The head of one of Finland’s earnings-related pension funds has highlighted the strengths of having an occupational pension system with many providers with different ways of operating, and also said people looking to safeguard the partly-funded system must focus social policies on work.

Kari Välimäki, who is set to retire as chief executive officer of the Seafarers’ Pension Fund at the end of this year, said in an interview in the newsletter of Finnish pensions alliance TELA: “Different operating models are part of the strength of the decentralised system and ensure, among other things, that investment activities are targeted at companies of different sizes and that different social groups are part of a unified system.”

According to the article, Välimäki sees it as a challenge that the occupational pension system seems to be becoming more and more concentrated.

He said decentralisation not only meant the number of actors in the system, but also different operating models, such as public pension institutions and foundations and funds, citing his own fund, which acts as a maritime industry fund as part of the earnings-related pension scheme.

In the last few years, the pension insurance companies – which provide the bulk of earnings-related pensions in Finland – have reduced in number to four from five after Etera merged with the larger player Ilmarinen.
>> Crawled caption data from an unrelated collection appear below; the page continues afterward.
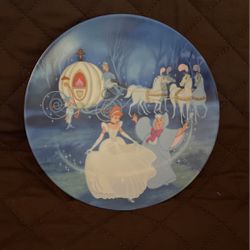 Collectible Disney Cinderella Plate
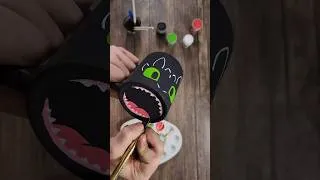 Thumbnail: Relaxing ASMR | Painting a Dragon Mug 🐉 #asmr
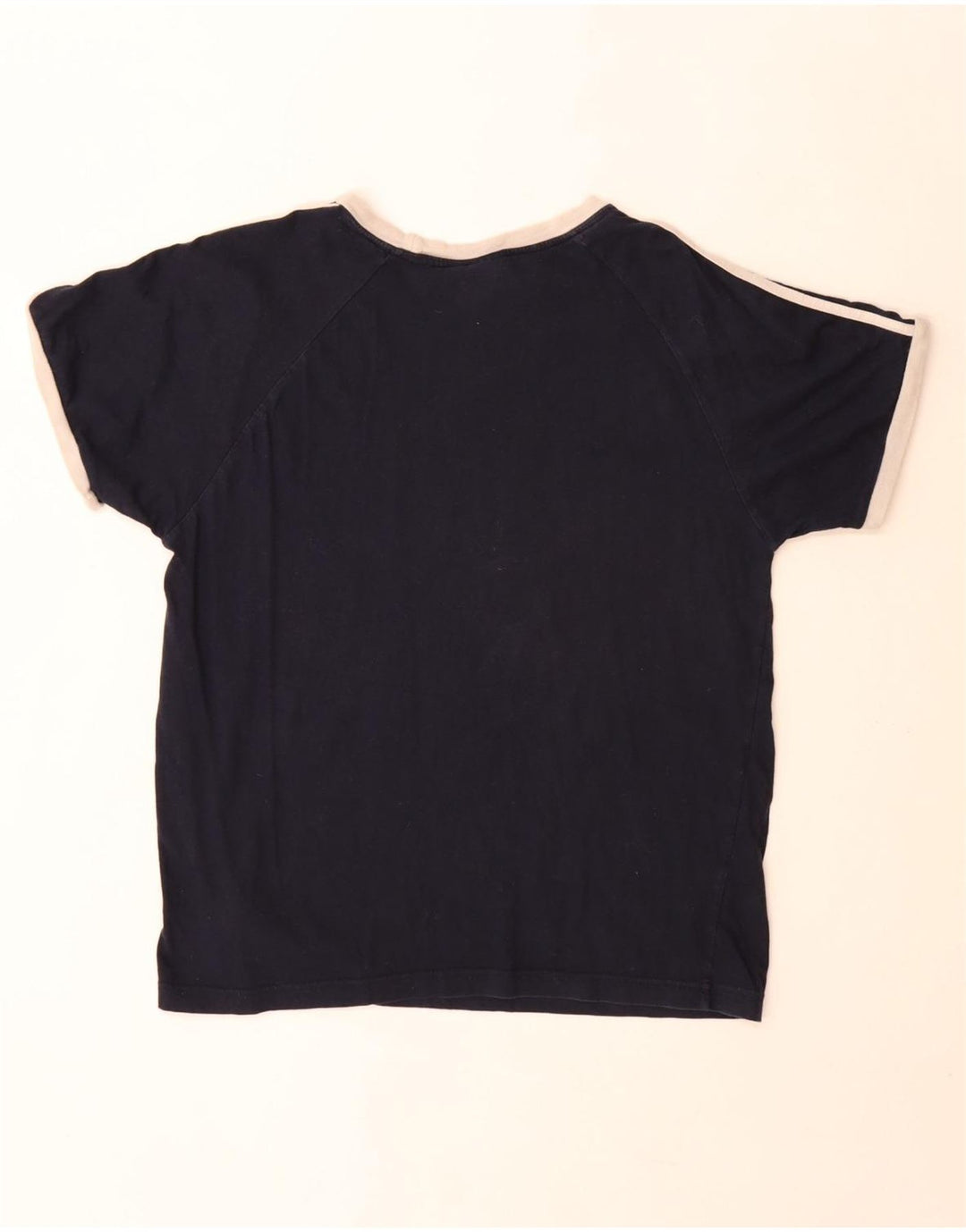 Мужская футболка Adidas Top Medium Navy Blue Хлопок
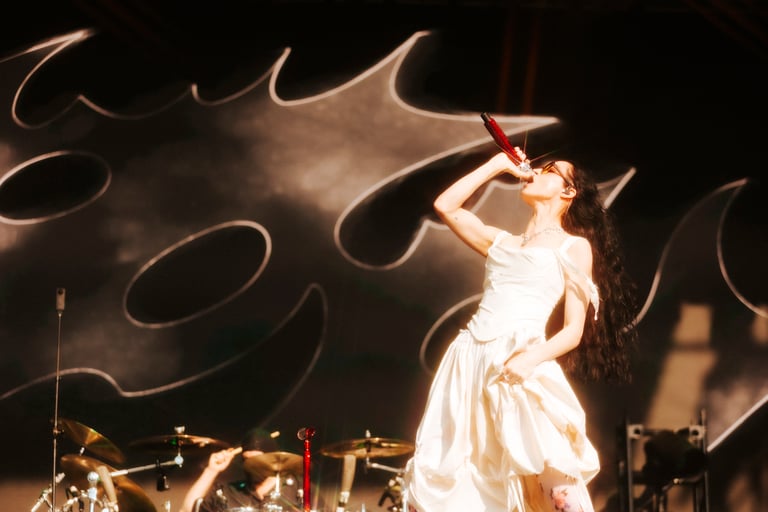 Poppy Announces U.S. Tour for 'Negative Spaces' Album with Special Guests and Mexico City Shows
Asked about the challenges and opportunities he saw on the horizon for the Finnish pension system, Välimäki said: “In the longer term, the challenge is certainly a change in the age structure, but it can adapt, by pursuing good employment and social policies. The pension system does not solve the problems caused by lower birth rates in advance.”

The majority of current and future pension funding was based on employers’ and employees’ pension contributions, he said, and only partly on investment income.

“In a partially-funded system, investment returns are important, but sometimes it feels as if the debate is spinning too much in towards investment and the priority of work is forgotten,” he said.

“An occupational pension scheme will last if it is understood that it is part of social insurance and that work is the best social policy,” Välimäki said in the TELA article.

The CEO, who has headed the Seafarers’ Pension Fund for eight years, after a career of more than 30 years at the Ministry of Social Affairs and Health, said the Finnish pension system had a strong foundation and enough capacity to adapt.

But despite the system’s many strengths, he said the employment pension institutions were quite sensitive to criticism.

“I think the system is so strong that it must also withstand healthy criticism,” Välimäki said.

When Välimäki steps down as CEO of the Seafarers’ Pension Fund, which had €1.21bn in pension assets at the end of 2019, he will be succeeded by Jari Puhakka, currently the fund’s CIO.